I started working with computers after years of acting and directing live theater. At first this was a practical matter: I needed to find a way to feed myself and computers promised a livelihood. Soon my theater-self started coaxing machines to perform… badly. The machines would consistently fail while playing media. My early work in this area depended on slow processors to provide rhythm and pace to a visual narrative. This work is dead now: pieces that once took an hour to perform start and finish in a literal flash. Yet the opportunity for critique remains. Today’s computers still cannot satisfy our desire for media. They employ increasingly sophisticated strategies including asking the machines to use unspecified resources to fix errors. These performances are unpredictable, spontaneous, and heroic.
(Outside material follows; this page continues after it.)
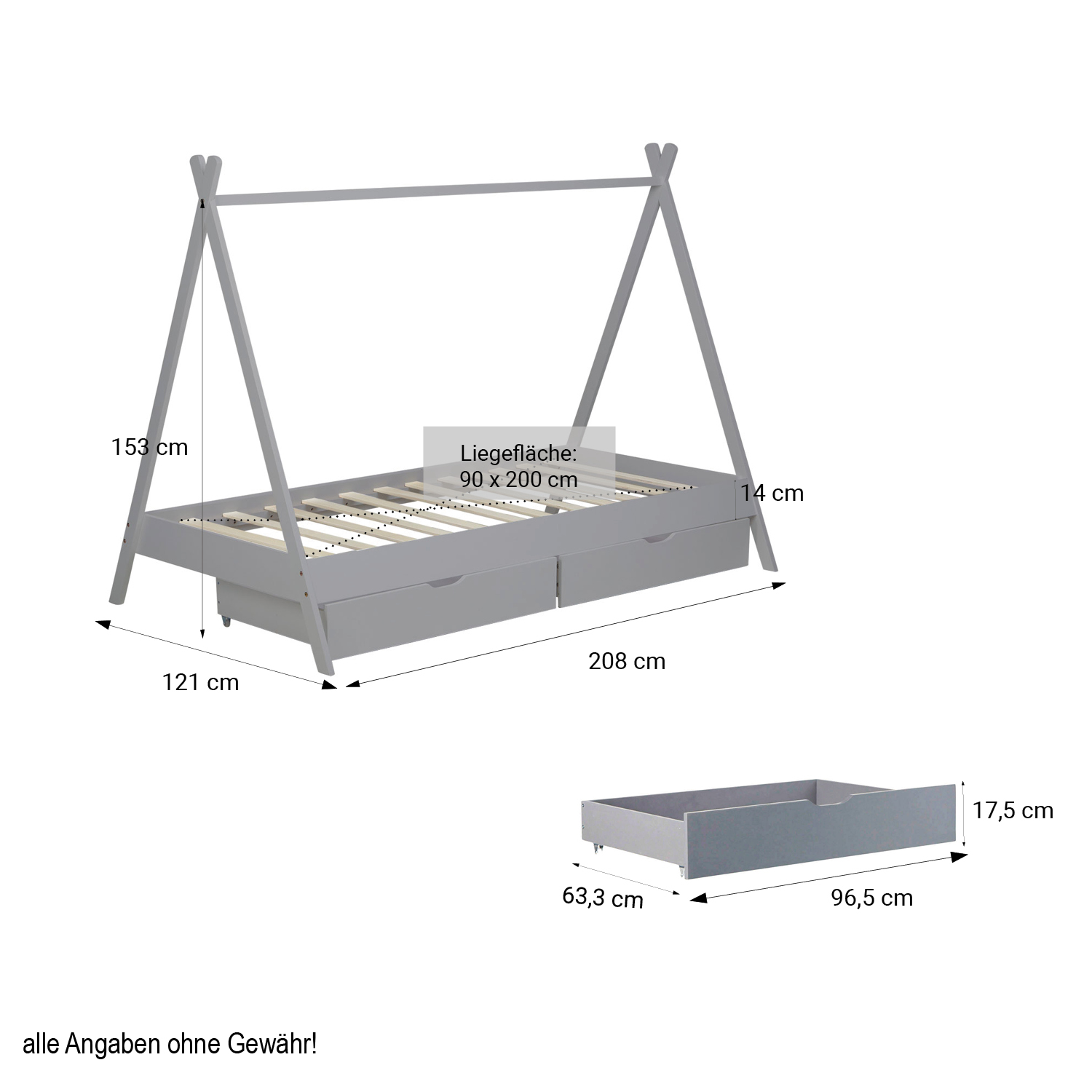 Children's Bed with Mattress TIPI 90x200 Youth Bed White Grey Wooden Bed Kids Room Fabric Bed Drawer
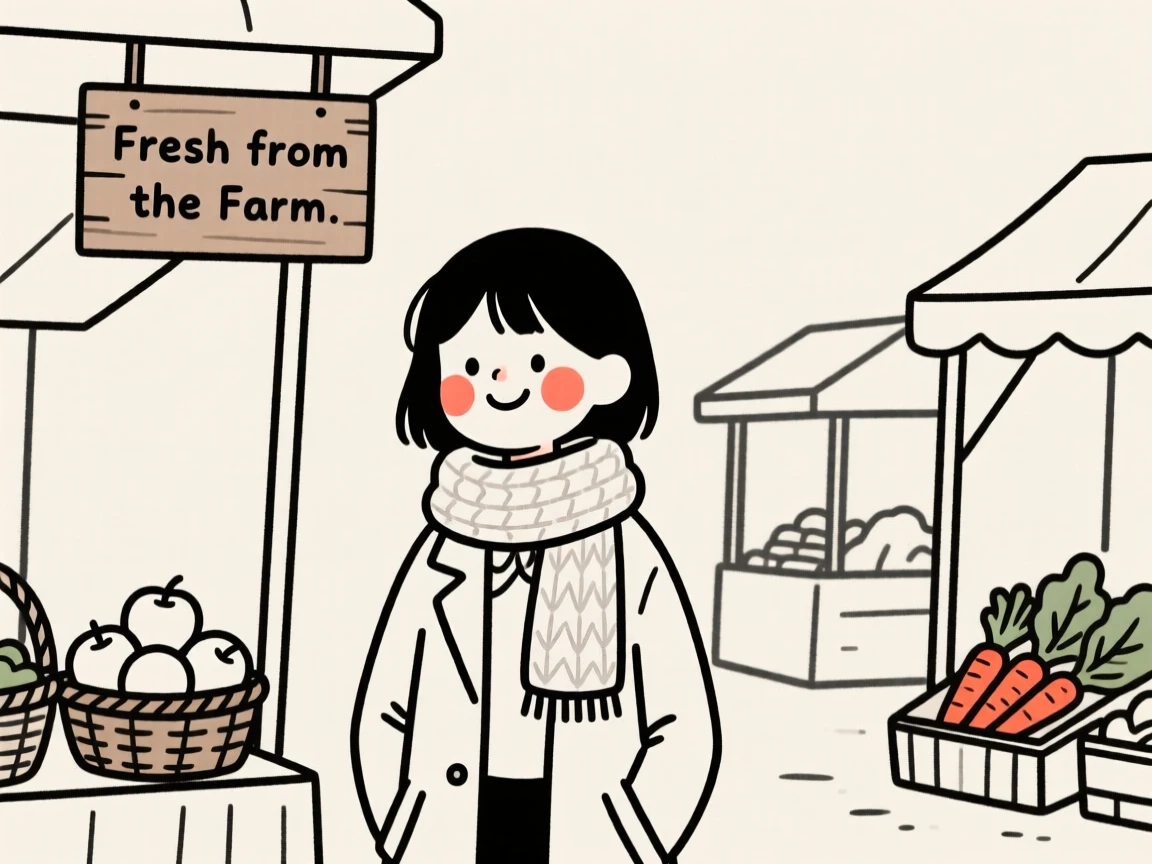 A high school student of Polish heritage in a chunky knit scarf and coat, smiling shyly, at a countryside farmers market.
It is remarkable that advances in Vision Science are following the work being done by video engineers. The engineers are pushing Vision Science into theoretical frontiers. Art and theory need to catch up! By drawing attention to the artifacts the compression generates we may reflect directly on the praxis and economy of media compression. The Artifact and Lossless series deal explicitly with compression.
My investigation into Artificial Intelligence began in the 1990s at eCollege.com. A colleague won a grant to design an automatic essay grader. He built a prototype that could grade essays written about the Civil War. I was so repelled by the thought of a future of machine-graded writing that I offered to write a perfectly incomprehensible essay to test his system. Kerouac’s Ear and RS::Muse extend this critique.